## Problem
Write out the records in full and without alteration, setting aside their pictures.
* * * * * * *
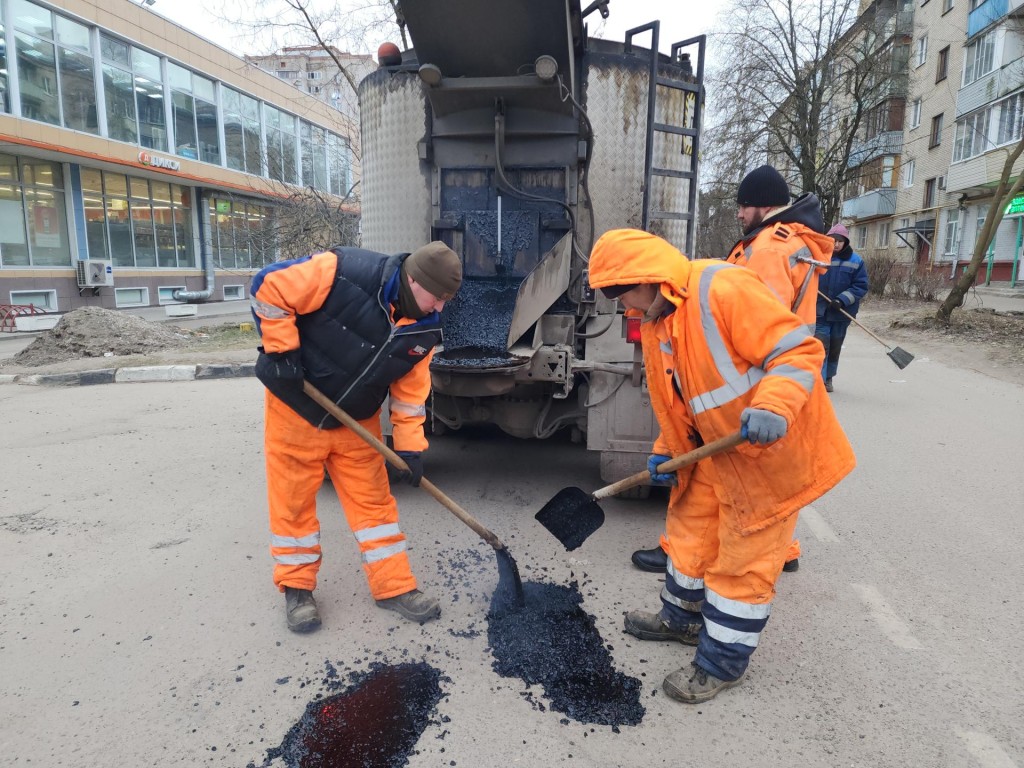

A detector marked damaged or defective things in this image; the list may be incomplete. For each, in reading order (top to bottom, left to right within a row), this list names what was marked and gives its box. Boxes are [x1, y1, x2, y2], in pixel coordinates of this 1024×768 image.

rusty metal panel [360, 72, 432, 253]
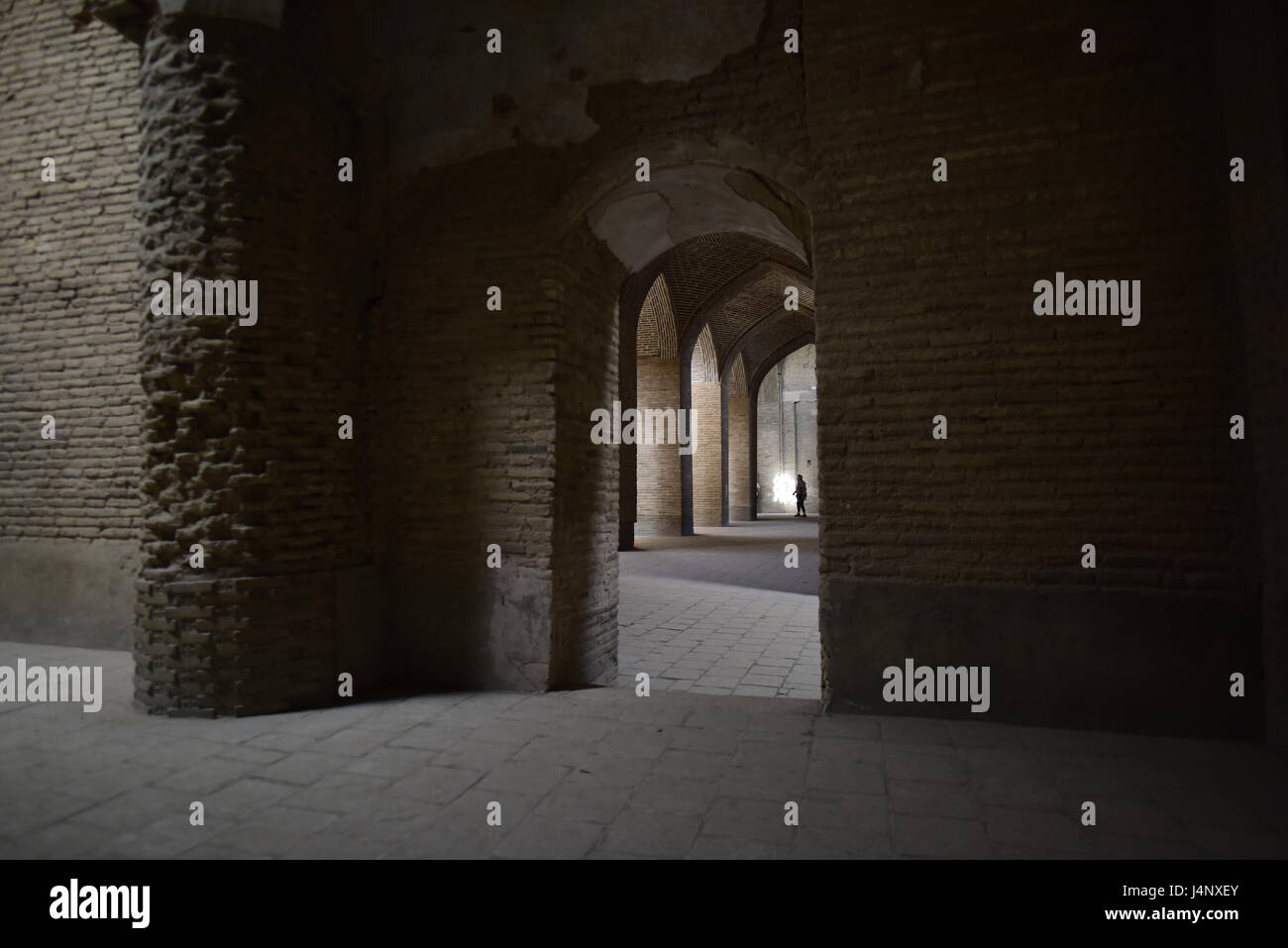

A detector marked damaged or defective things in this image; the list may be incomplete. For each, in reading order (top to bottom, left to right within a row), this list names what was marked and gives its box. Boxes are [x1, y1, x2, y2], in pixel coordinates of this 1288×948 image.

peeling plaster patch [380, 0, 762, 173]
peeling plaster patch [590, 163, 808, 270]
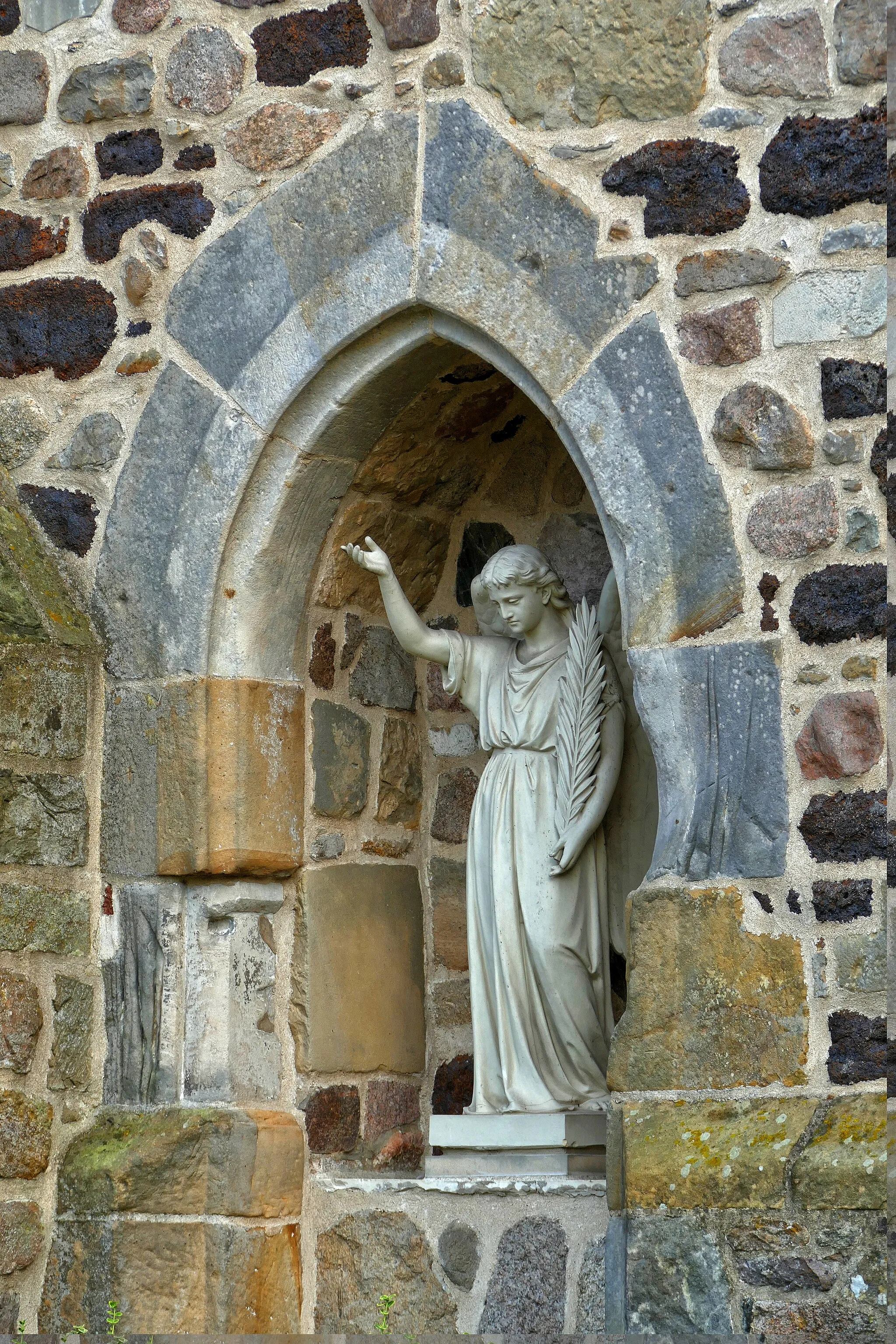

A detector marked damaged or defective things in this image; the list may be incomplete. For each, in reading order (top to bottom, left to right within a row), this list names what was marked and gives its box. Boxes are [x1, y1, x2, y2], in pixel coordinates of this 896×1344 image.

dark burnt stone [0, 0, 19, 34]
dark burnt stone [251, 0, 371, 87]
dark burnt stone [0, 207, 67, 273]
dark burnt stone [95, 129, 164, 181]
dark burnt stone [80, 185, 214, 266]
dark burnt stone [175, 141, 217, 169]
dark burnt stone [602, 140, 752, 240]
dark burnt stone [757, 101, 892, 219]
dark burnt stone [0, 278, 117, 382]
dark burnt stone [822, 357, 886, 419]
dark burnt stone [17, 483, 98, 556]
dark burnt stone [459, 516, 516, 607]
dark burnt stone [790, 562, 886, 645]
dark burnt stone [309, 621, 336, 688]
dark burnt stone [800, 785, 892, 860]
dark burnt stone [811, 876, 870, 919]
dark burnt stone [833, 1011, 886, 1086]
dark burnt stone [304, 1086, 360, 1150]
dark burnt stone [430, 1054, 472, 1118]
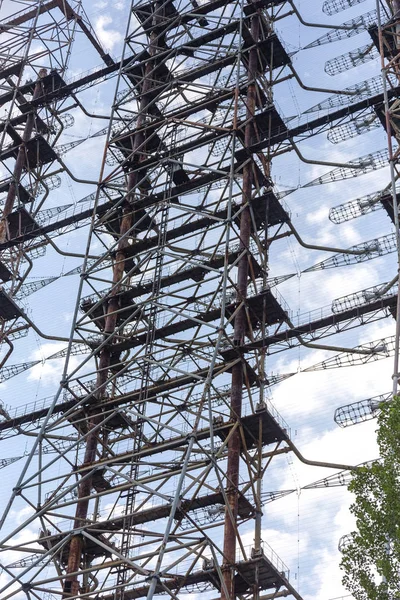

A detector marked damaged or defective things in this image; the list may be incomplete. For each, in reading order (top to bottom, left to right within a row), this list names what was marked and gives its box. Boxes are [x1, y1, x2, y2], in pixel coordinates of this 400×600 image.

rusty vertical column [0, 68, 47, 241]
rusty vertical column [61, 11, 162, 596]
rusty vertical column [220, 4, 260, 600]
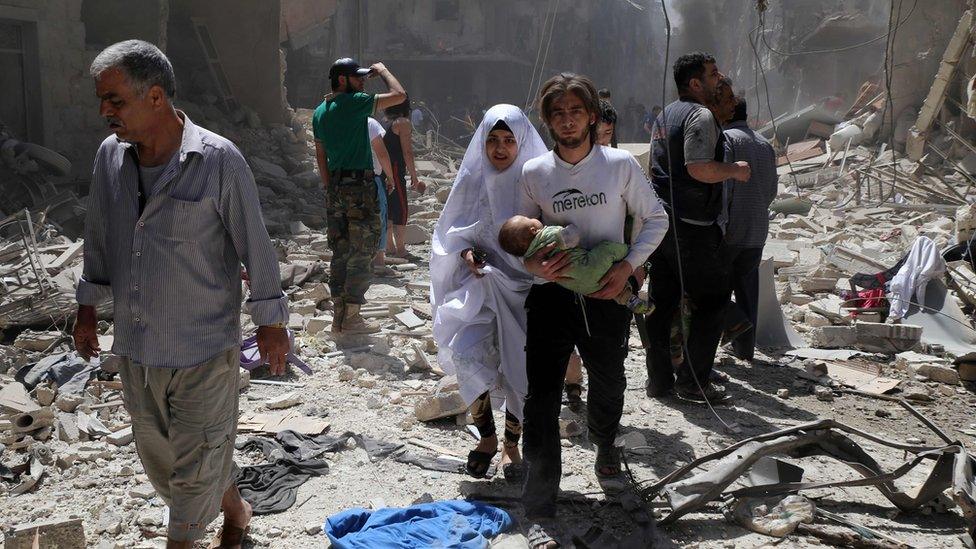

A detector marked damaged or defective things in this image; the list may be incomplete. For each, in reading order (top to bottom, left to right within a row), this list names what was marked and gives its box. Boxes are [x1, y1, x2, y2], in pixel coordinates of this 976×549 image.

torn clothing [77, 111, 284, 368]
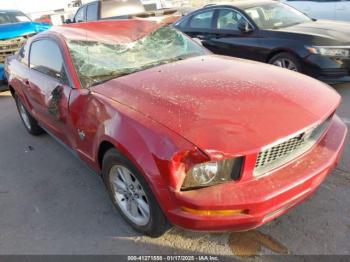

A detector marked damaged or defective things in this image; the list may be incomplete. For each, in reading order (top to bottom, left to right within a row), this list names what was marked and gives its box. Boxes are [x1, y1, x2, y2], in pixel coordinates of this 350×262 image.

cracked windshield [67, 26, 206, 88]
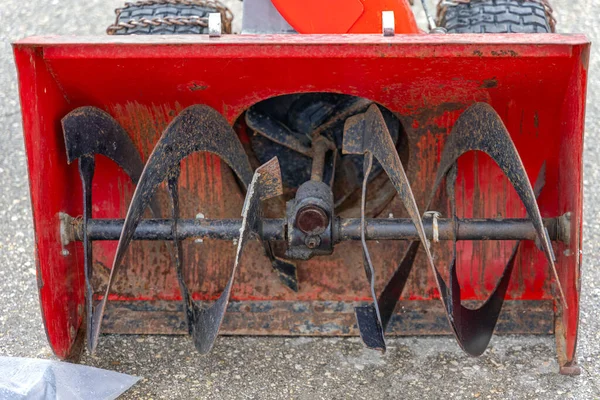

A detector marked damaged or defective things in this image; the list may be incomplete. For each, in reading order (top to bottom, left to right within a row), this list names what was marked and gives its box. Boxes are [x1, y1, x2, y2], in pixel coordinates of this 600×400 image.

chipped red paint [11, 35, 588, 366]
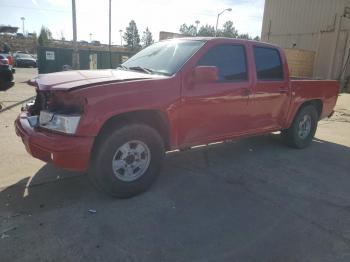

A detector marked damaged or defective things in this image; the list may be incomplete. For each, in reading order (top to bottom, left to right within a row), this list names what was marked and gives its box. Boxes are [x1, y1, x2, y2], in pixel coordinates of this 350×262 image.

crumpled hood [31, 69, 165, 91]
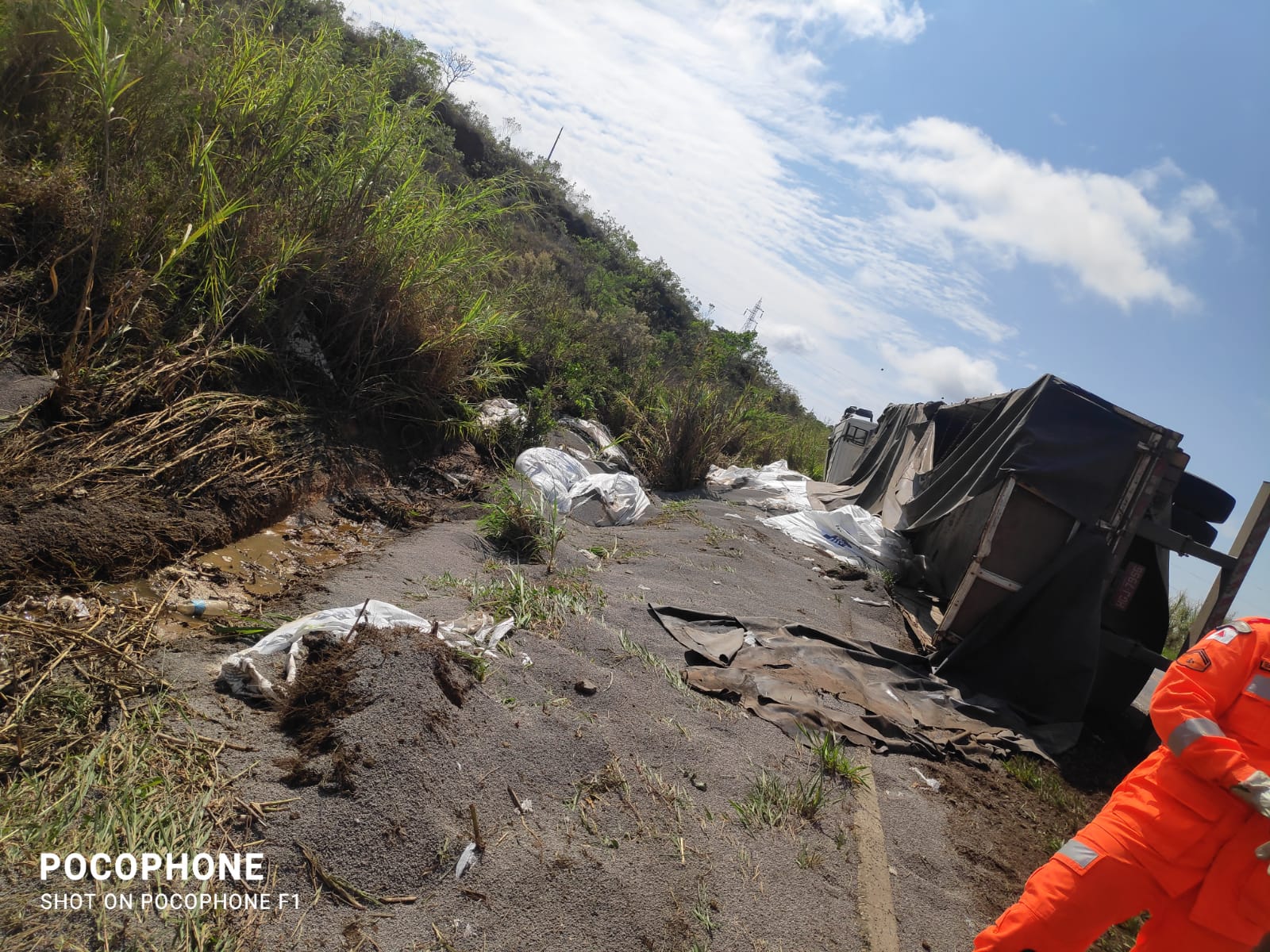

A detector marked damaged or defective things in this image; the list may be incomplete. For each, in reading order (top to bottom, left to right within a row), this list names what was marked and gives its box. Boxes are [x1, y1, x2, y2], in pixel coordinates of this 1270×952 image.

torn tarp [651, 606, 1054, 762]
overturned truck [826, 378, 1238, 730]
* * * * * * *
## Exercise answer
A detector marked damaged or defective things in this image; the list may be incomplete. For each, in reading order (top to bottom, left to right within a row), this list names what was marked and gives its box. Boxes are [x1, y1, x2, y2], in pixel coordinates of this 1024×768 image.

rusty metal panel [360, 72, 432, 253]

A detector marked damaged or defective things in this image; the list may be incomplete. For each, in reading order (top to bottom, left to right within a row), this list names what was marked and gives its box. Boxes are [x1, y1, x2, y2], in pixel coordinates of this 1288×948 image.

peeling plaster patch [380, 0, 762, 173]
peeling plaster patch [590, 163, 808, 270]

A detector marked damaged or defective things in this image; the list may be incomplete. For each, in reading order (top to bottom, left to right within a row), this list names what was marked and gives its box. Boxes are [x1, y1, x2, y2], in pixel coordinates of this 896×1344 image.

dark burnt stone [0, 0, 19, 34]
dark burnt stone [251, 0, 371, 87]
dark burnt stone [0, 207, 67, 273]
dark burnt stone [95, 129, 164, 181]
dark burnt stone [80, 185, 214, 266]
dark burnt stone [175, 141, 217, 169]
dark burnt stone [602, 140, 752, 240]
dark burnt stone [757, 101, 892, 219]
dark burnt stone [0, 278, 117, 382]
dark burnt stone [822, 357, 886, 419]
dark burnt stone [17, 483, 98, 556]
dark burnt stone [459, 516, 516, 607]
dark burnt stone [790, 562, 886, 645]
dark burnt stone [309, 621, 336, 688]
dark burnt stone [800, 785, 892, 860]
dark burnt stone [811, 876, 870, 919]
dark burnt stone [833, 1011, 886, 1086]
dark burnt stone [304, 1086, 360, 1150]
dark burnt stone [430, 1054, 472, 1118]

A detector marked damaged or defective things in this image; the list may be incomplete. For each, in reading order (top to bottom, left to right within a row), this list names what was marked and gives its box. Boxes are [x1, y1, x2, y2], in pixel coordinates of this 400×600 image.

rusty vertical column [0, 68, 47, 241]
rusty vertical column [61, 11, 162, 596]
rusty vertical column [220, 4, 260, 600]

A detector marked damaged or defective things in this image; the list may be incomplete. For each, in reading order (top to bottom, left to right within a row), this list names what was marked and gives its box. Boxes are [x1, y1, x2, y2], in pixel coordinates of this 976×549 image.

torn clothing [77, 111, 284, 368]

A detector marked damaged or defective things in this image; the list may be incomplete. For each, in reading order (top to bottom, left to right within a row), this list names what was marked and gives its box. Boxes are [x1, y1, x2, y2], in pixel coordinates of this 350×262 image.

cracked windshield [67, 26, 206, 88]

A detector marked damaged or defective things in this image; the list may be incomplete. For each, in reading order (top to bottom, left to right within a row), this list names what was marked and gives its box. Boxes are [x1, y1, x2, y2], in pixel coordinates of this 600×400 image.

chipped red paint [11, 35, 588, 366]

A detector marked damaged or defective things in this image; the list may be incomplete. For each, in reading order (top to bottom, left to right within a row), this list names what was marked and gives its box. Boxes are [x1, y1, x2, y2], in pixel coordinates of this 350×262 image.

crumpled hood [31, 69, 165, 91]

A detector marked damaged or defective things in this image; the list may be incomplete. For each, in reading order (top to bottom, left to right within a row), this list names what was marked and gives its box. Boxes are [x1, y1, x2, y2], in pixel coordinates of this 1270×952 image.

torn tarp [651, 606, 1054, 762]
overturned truck [826, 378, 1238, 730]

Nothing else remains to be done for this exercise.